Amendment 45, page 11, line 30, leave out
“a Minister of the Crown”
and insert “Parliament”.
This amendment together with Amendments 43 and 44 would empower Parliament to control the length and basic terms of transitional arrangements, and would allow Parliament to start the clock on the sunset clauses within the Bill.
Amendment 81, in clause 19, page 14, line 32, at end insert—
“(a) section 1(2);”.
This amendment is a consequential amendment resulting from Amendments 78, 79 and 80 to Clause 1 requiring the Prime Minister to reach an agreement on EEA and Customs Union membership, to gain the consent of the devolved legislatures and to report on the effect leaving the EU will have on the block grant before implementing section 1 of this Act.

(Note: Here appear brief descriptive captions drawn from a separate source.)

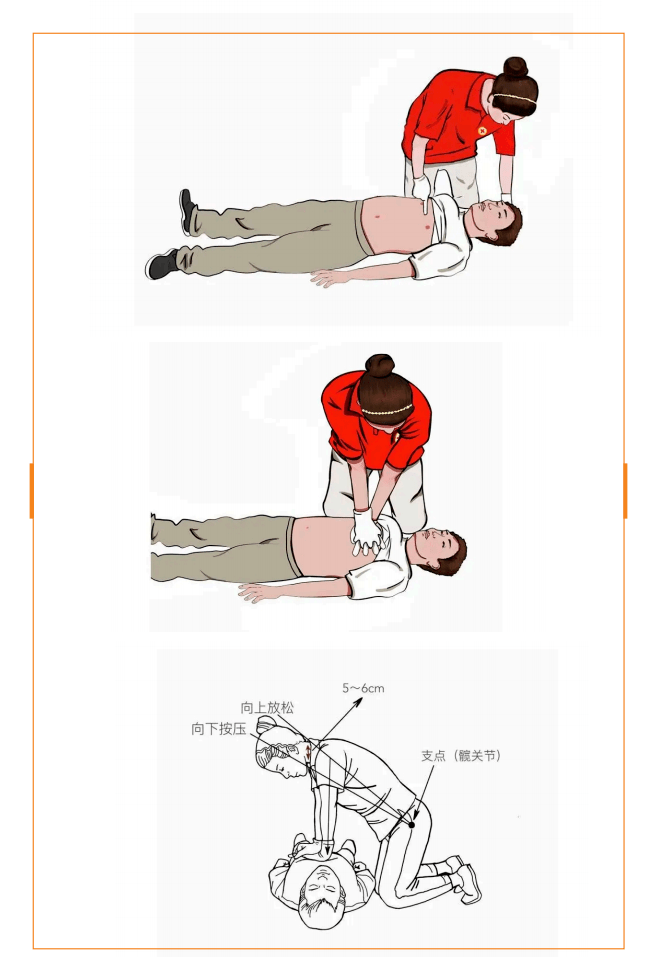 心肺复苏正确体位图片图片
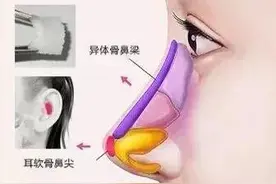 鼻综合手术术前准备工作图片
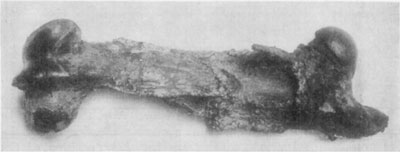 Fig. 47—Same bone as in Fig. 46 after about six months' treatment. In this case Dr. Merillat employed a weight to counteract muscular contraction. It is noticeable that very little provisional callus has formed in this case, and in spite of unusual ingenuity and good facilities for caring for the subject, union of bone did not occur.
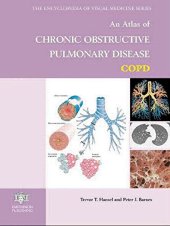 book An atlas of chronic obstructive pulmonary disease, COPD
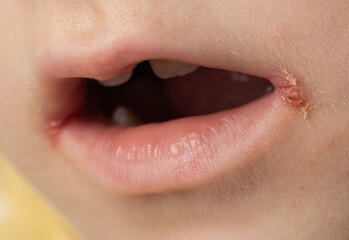 slit-like impetigo in a little girl in the corners of her mouth. Skin wounds. Dermatological...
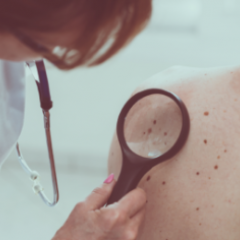 Doctor checking patient's skin with magnifying glass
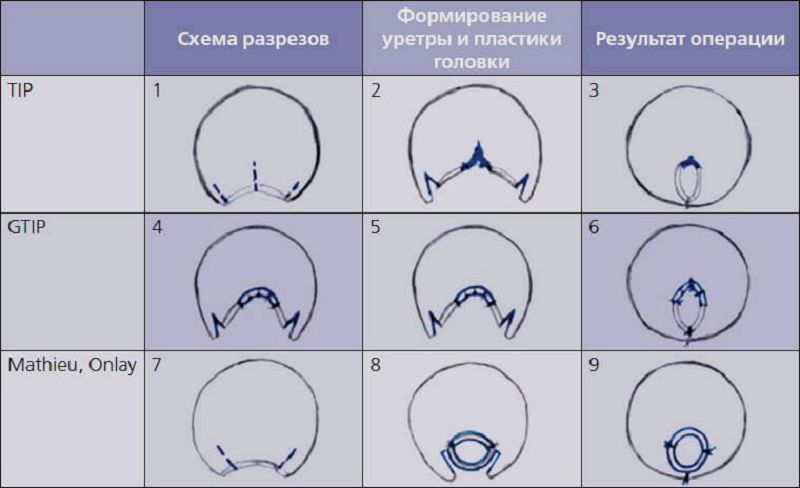 Saline Penis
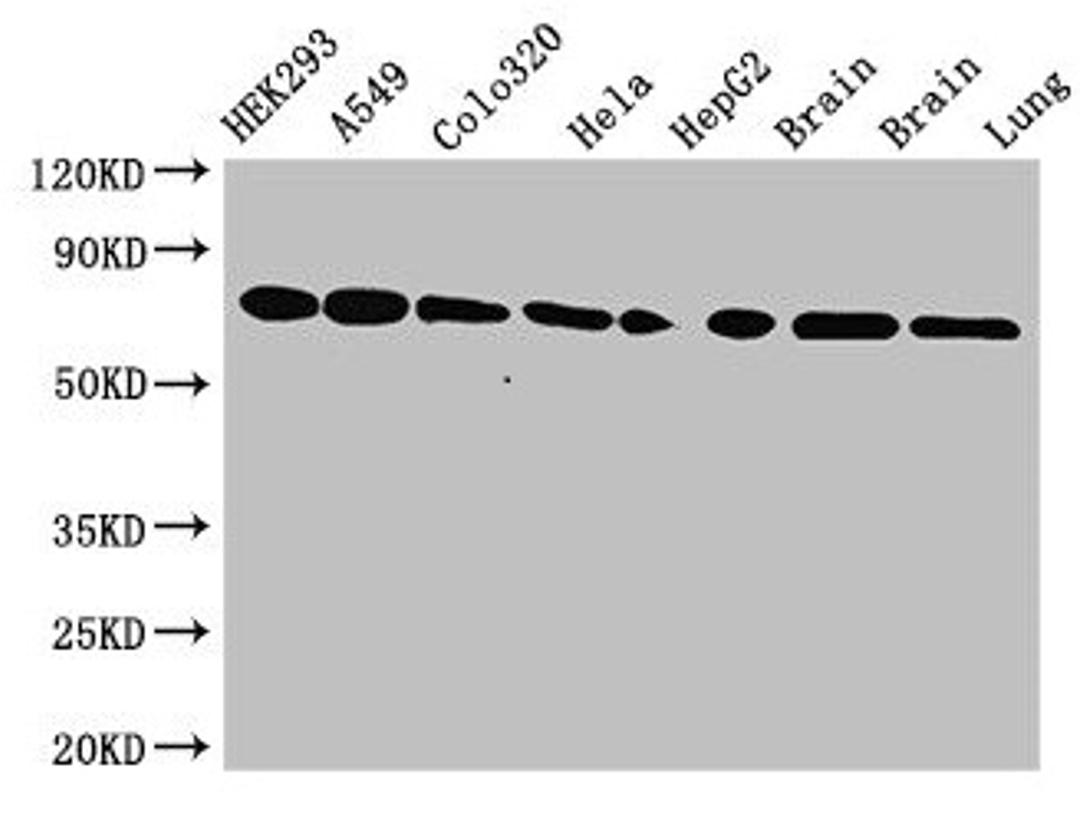 Western Blot. Positive WB detected in: HEK293 whole cell lysate, A549 whole cell lysate, Colo320 whole cell lysate, Hela whole cell lysate, HepG2 whole cell lysate, Mouse brain tissue, Rat brain tissue, Rat lung tissue. All lanes: HSPA8 antibody at 3.5µg/ml. Secondary. Goat polyclonal to rabbit IgG at 1/50000 dilution. Predicted band size: 71, 54 kDa. Observed band size: 71 kDa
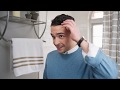 Keeps Hair Loss Commercial - 
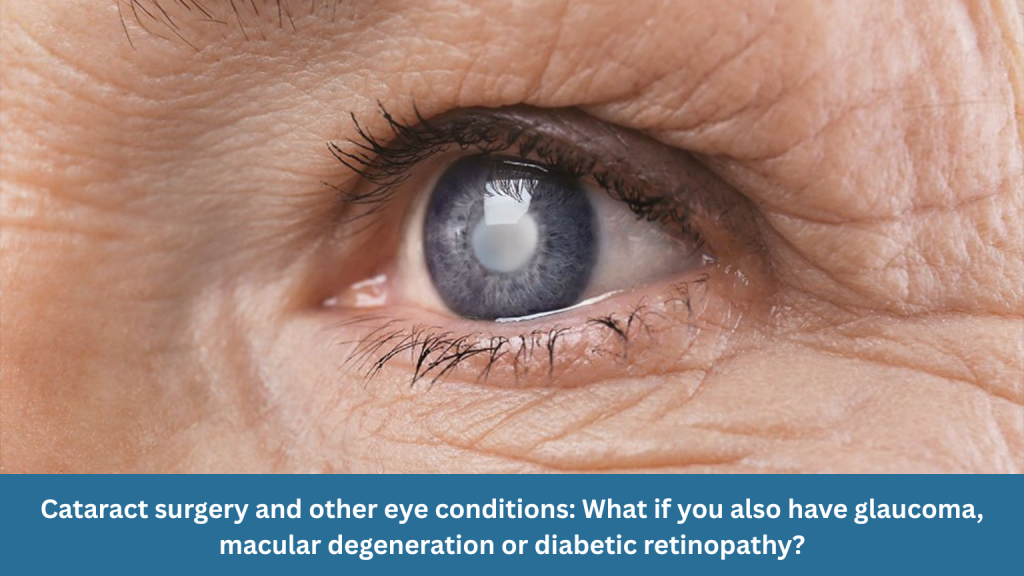 Cataract surgery and other eye conditions: What if you also have glaucoma, macular degeneration or diabetic retinopathy?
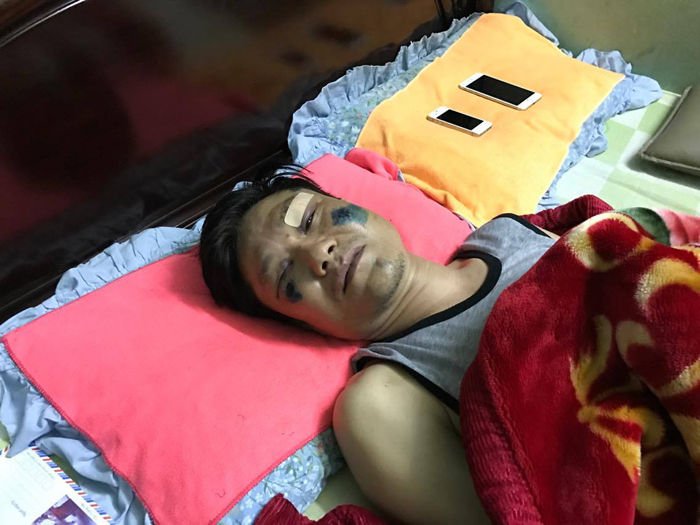Lời kể kinh hoàng của 3 nạn nhân bị đánh oan trong vụ mất trộm xe SH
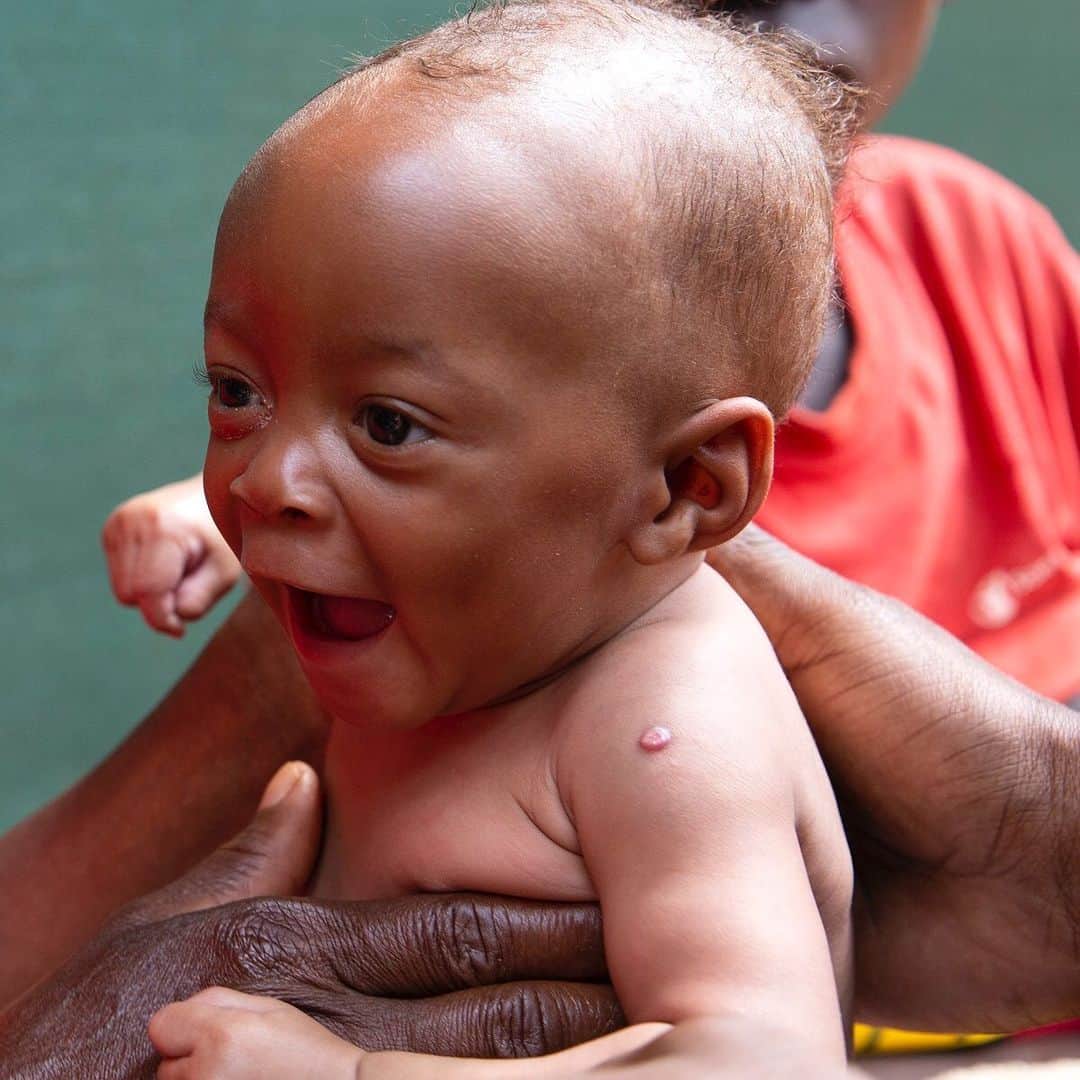 国境なき医師団さんのインスタグラム写真 - (国境なき医師団Instagram)「さあ、調子はどうかな？ 今から、国境なき医師団の病院で産後の検診です。 . 約10万人のブルンジ難民が暮らしている、タンザニアのンドゥタ難民キャンプ。ここでは、新しい命もたくさん生まれています。 . 国境なき医師団は産前から産後まで、お母さんと赤ちゃんのためのケアを提供。検診や診療を行うだけでなく、ときには健康教育のスタッフが、沐浴のしかたなど健康に暮らすための情報を伝えます。 . 過酷な生活を強いられる難民キャンプで、家族を守りたい！　そんな思いの人びとが、今日も国境なき医師団の病院に集まります。 ------------------------------------- タンザニアの活動ニュースは公式サイトから。プロフィールのURLリンクからどうぞ→@msf_japan . -------------------------------------- Photo © Ellie Kealey/MSF #国境なき医師団 #MSF #タンザニア #子ども #産後 #赤ちゃん #検診 #ママと一緒 #photooftheday #笑顔 #スマイル #元気になる #写真部 #写真好きな人と繋がりたい」11月1日 11時02分 - msf_japan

I rise to speak to the new clause in my name and all the other names that still remain on the amendment paper. Although I am limited to speaking to new clause 49, it is linked to new clauses 50, 51 and 52, for reasons that I will develop.
I wish to begin by declaring my sentiments in tabling this new clause and supporting the new clauses that are umbilically attached to it. I am a reluctant Brexiteer. I am too old to feel that I was born to bring us out of Europe, and I have not had one of those evangelical revivals in thinking that somehow life began again once we entered the Common Market and that my aim, purpose, being, and everything I breathed was towards getting us out of that organisation. That is not so.
In my own constituency and in the small amount of work I did nationally, I stressed that things were on a balance: we had to make a decision about Europe. We did not need more facts about Europe, but had to draw on our very natures—all that we had been taught in our culture and where, in our very being, we felt we stood in this country—to make the decision about whether we wished to leave or not.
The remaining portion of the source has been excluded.